Von Adolf Stock · 07.09.2013
Die Kanzlerin, der Bundespräsident, die Grünen-Spitzenkandidatin: Sie alle nennen ein evangelisches Pfarrhaus ihre Heimat - ein Stück kirchlicher Tradition. Was dieses Pfarrhaus so besonders macht, damit hat sich die Autorin Christine Eichel beschäftigt.
"Was möchte die deutsche Seele eigentlich an der Spitze des Staates sehen?"

Gute Frage. Zweifellos möchte die deutsche Seele integere Politiker, die aufrecht sind und selbstlos ihrem Land dienen. Und da, sagt Buchautorin Christine Eichel, sind protestantische Pfarrer und Pfarrerskinder fraglos erste Wahl.

"Herr Gauck ist ehemaliger Pfarrer, Frau Merkel ist Pfarrerstochter, Katrin Göring-Eckhardt ist eine der Spitzenkandidaten der Grünen: Sie ist Pfarrfrau und Theologin und Präses der EKD, also da haben wir schon mal so einen Pool von Menschen, die aber noch einmal durch die Ostvergangenheit im Grunde ein Plus haben, zusätzlich zur protestantischen Kultur, die sowieso kompatibel zum Politischen ist, denn da sind Menschen natürlich aufgewachsen, die gewissermaßen so eine Festigkeit haben, auch eine Unerschrockenheit und eine ganz, ganz hohe Glaubwürdigkeit."

Mit Christine Eichel lässt sich verstehen, warum das so ist, denn sie hat eine anregende Kulturgeschichte geschrieben, die dem deutschen Pfarrhaus gewidmet ist.
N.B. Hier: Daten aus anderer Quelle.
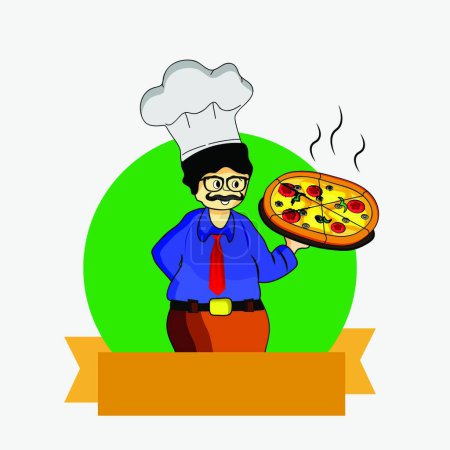 Ilustración de Comida Rápida concepto chef con pizza - Imagen libre de derechos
Martin Luther hatte eine geflüchtete Nonne geheiratet und in Wittenberg einen Hausstand gegründet. Es war das erste protestantische Pfarrhaus, das in Folge zu einem leuchtenden Vorbild wurde.
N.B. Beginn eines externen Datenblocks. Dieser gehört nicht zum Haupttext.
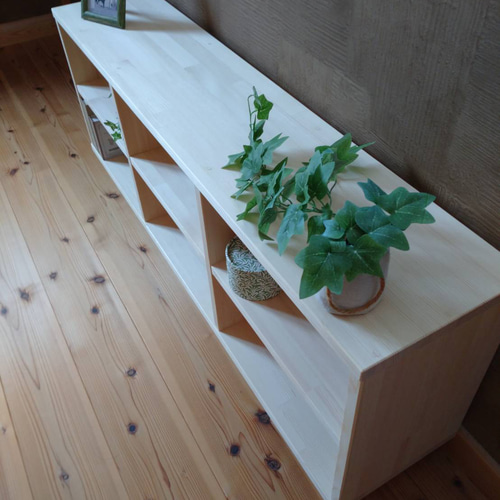 天然木 赤松集成材 足付きスタッキングシェルフ テレビ台 飾り棚 収納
"Es war ein gläsernes Haus, ein öffentliches Haus. Das heißt, das klassische Pfarrhaus wurde auch so gebaut, dass Gemeinderäume und Privaträume unter einem Dach waren. Oft fand auch die Kirchenchorprobe im Wohnzimmer statt oder auch der Konfirmandenunterricht, so dass die Pfarrersfamilie auch immer unter Beobachtung war. Der Pfarrer sollte halt nicht nur Lippenbekenntnisse auf der Kirchenkanzel absondern, sondern er sollte wirklich vorleben, was er glaubte."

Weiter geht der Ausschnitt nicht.